The work is simplified from some of Murillo's earlier efforts, a result of Murillo's ongoing efforts to distill the depiction to its most iconographic form. It is, accordingly, described as "perhaps the most perfectly resolved" of Murillo's Immaculate Conception images in 2005's Seventeenth-century Art and Architecture.

Several influences on Murillo are found in the painting. His depiction of the age of Mary reflects the guidance of artist Francisco Pacheco, official censor of Seville's Inquisition, that the Virgin Mary should be shown always as a beautiful girl of 12 or 13 years old. Additionally, Murillo had been introduced to the works of Van Dyck and Rubens by Francisco Herrera the Younger, who was sub-director of the Seville Academy under Murillo. The influence of these painters is visible in the delicate and airy coloration of the piece.

The work is dated between 1660 and 1665. The exact date is undetermined because no contract for a commission for the piece has been located. Still, the range is presumed because of the style of the piece compared to his other works of the period and because of a drawing by Murillo from 1664 of the Immaculate Conception, which, though it features Mary in a different pose, uses the same two cherubs from the right of this work.

==Legacy==
It is unknown whether or not the painting was produced on commission or when and why, but the image is believed to have found its way to the royals' collections after purchase by Charles III in Seville.

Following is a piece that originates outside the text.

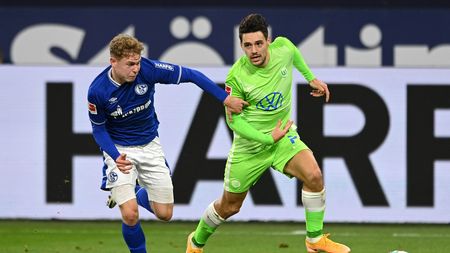 GELSENKIRCHEN, GERMANY - NOVEMBER 21: Kilian Ludewig of FC Schalke 04 battles for possession with Josip Brekalo of VfL Wolfsburg during the Bundesliga match between FC Schalke 04 and VfL Wolfsburg at Veltins-Arena on November 21, 2020 in Gelsenkirchen, Germany. Football Stadiums around Europe remain empty due to the Coronavirus Pandemic as Government social distancing laws prohibit fans inside venues resulting in fixtures being played behind closed doors. (Photo by Sascha Steinbach - Pool/Getty Images) GELSENKIRCHEN, GERMANY - NOVEMBER 21: Kilian Ludewig of FC Schalke 04 battles for possession with Josip Brekalo of VfL Wolfsburg during the Bundesliga match between FC Schalke 04 and VfL Wolfsburg at Veltins-Arena on November 21, 2020 in Gelsenkirchen, Germany. Football Stadiums around Europe remain empty due to the Coronavirus Pandemic as Government social distancing laws prohibit fans inside venues resulting in fixtures being played behind closed doors. (Photo by Sascha Steinbach - Pool/Getty Images)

It was then part of Charles IV's collection, following which it was registered among his collections in the Casita del Príncipe in the Escorial. It is from this registration that the title derives. Previously believed to have been in the Granja palace, it was for some time titled the Immaculate Conception of the Granja.

Murillo's formulation of the Immaculate Conception theme became a major influence on many subsequent artists. He has been described as "the quintessential painter of the theme of the Immaculate Conception" - this is one of four in the collection of the Prado.

==Failed restoration of another version==
In June 2020, it was reported that a copy of the Immaculate Conception of uncertain origin had been handed to a furniture restorer for restoration, at a cost of €1,200 ($1,355; £1,087). After two attempts, the restoration was botched, with Mary's face left unrecognisable. Spain's Professional Association of Restorers and Conservators (Acre) called the attempted restoration vandalism. Comparisons were made to the 2012 'Monkey Christ' incident, a similarly botched restoration of Ecce Homo.